4. The Barbara Hepworth Museum and Sculpture Garden. I have long wanted to come here because I want to fondle those lovely sculptures in her garden. I even feel a need to wear them. Probably because of the arm holes. But it is not those sensuous curves which blow my mind apart today. Did you know that Barbara Hepworth had triplets? I didn't know that. She had triplets. Oh my God. In all the photographs I've ever seen of her she looks the most unmotherly looking woman, thin and alone, smoking herself to death behind slabs of plaster, stone and metal. Triplets. After that, thoughts of destruction and creation dog me all day long.


5. The streets of St Ives. These are definitely built for pilchards. They are tiny and tightly packed. And just in case we have not yet had the full pilchard experience there are some more coach loads of tourists arriving fresh into town. We are barely able to navigate our way through the shoal, and I am sure at one point my feet don't touch the ground as I move on ten yards. The Atlantic ocean tipping down on all our heads helps complete the experience.

6. The Cornish pasty shop. We are foolish. We go to the first one we see. Mostly to escape the tidal wave of rain. Standing inside a Cornish pasty shop at that moment seems the most inviting thing to do. But here, as the vegetarian option, there is just cheese and potato pasty. Walk two paces and we could have moved to the gentrified class and had tomato and basil, or Dolcelatte and cucumber.
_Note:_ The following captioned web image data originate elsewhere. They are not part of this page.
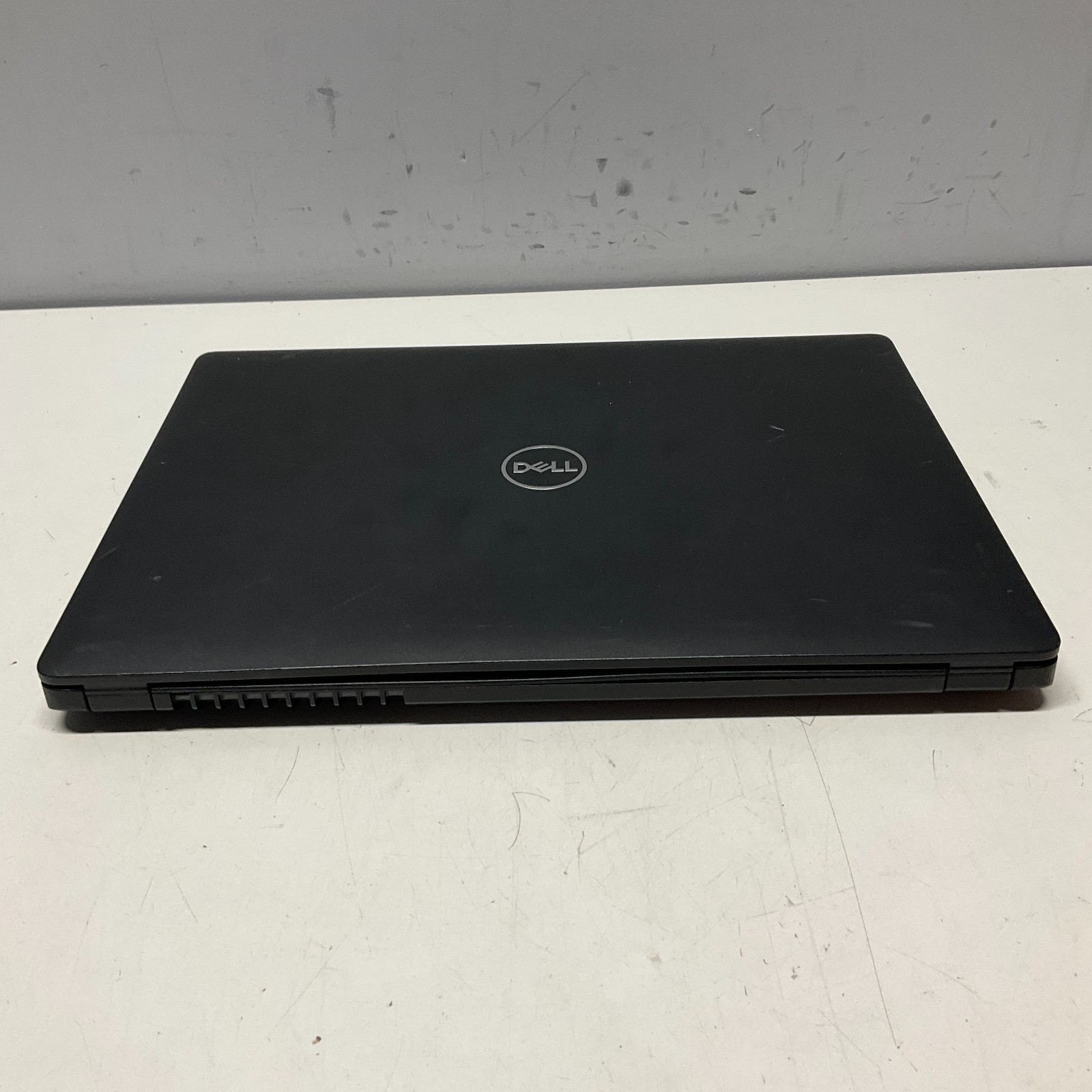 Dell Latitude 3480 Laptop Core i3 6th Gen FOR PARTS ONLY BROKEN LCD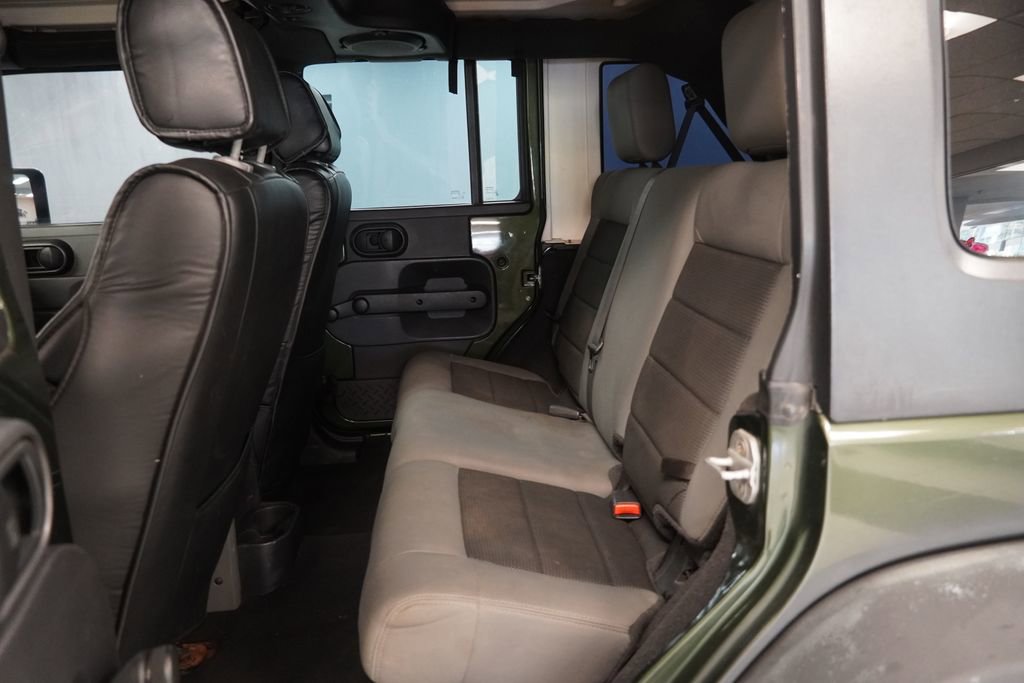 Used 2008 Jeep Wrangler Unlimited X AWD/4WD image 24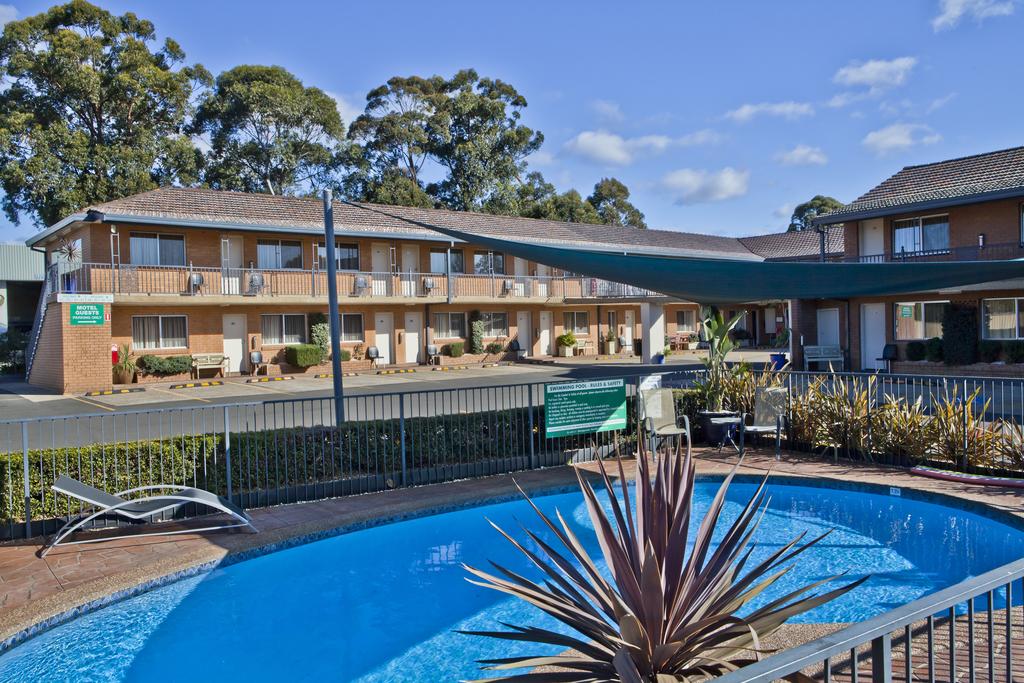 Currans Hill NSW Phillip Island Accommodation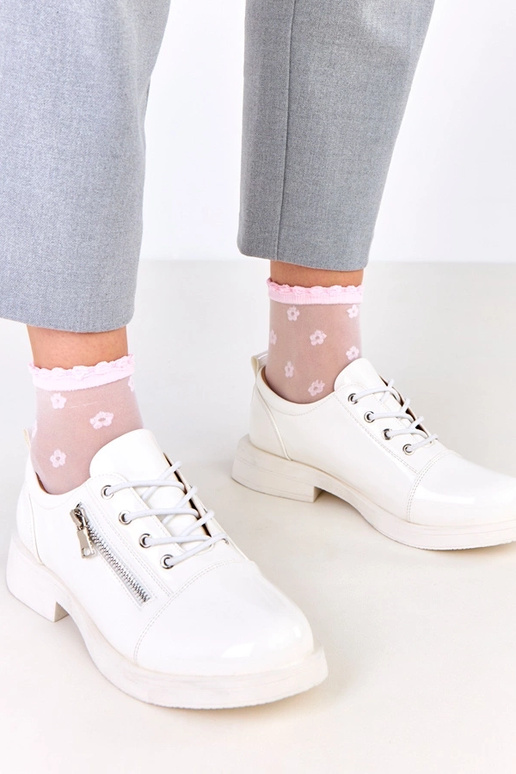 Valged läikivad naiste poolsaapad,...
7. St Ives Museum. Now if there's anywhere in Cornwall which makes me think we have entered a county of England where we must choose to show our identity papers at the border or have our heads stuck on poles, this place is it. What can I say about this bizarre museum with its eclectic mix of objects? I would show you them, only no photography is allowed. There are several signs to remind me about that. There should be guards patrolling with machine guns and dogs, just in case I feel the urge to snap a photo of a pilchard pressing stone. Or the pneumatic powered drill. Or the Cornish screw press from 1880. I start to wonder what can be the possible reason to deny me a photograph of a treacle dispenser? Perhaps they are all artifacts of some weird Druidy sort of Cornish secret society thing. In fact there is a dummy dressed up in a blue robe round the back of the Cornish kitchen who which looks to me like an effigy of Mrs Big. We are probably lucky to escape with our lives.

8. Sandy patch on the beach. It's raining. No one else is there. But that doesn't stop the Grit and Dig girls. No way. Because this is sand. And we're taking that home. Squirrel is busy stuffing it into her pockets right now.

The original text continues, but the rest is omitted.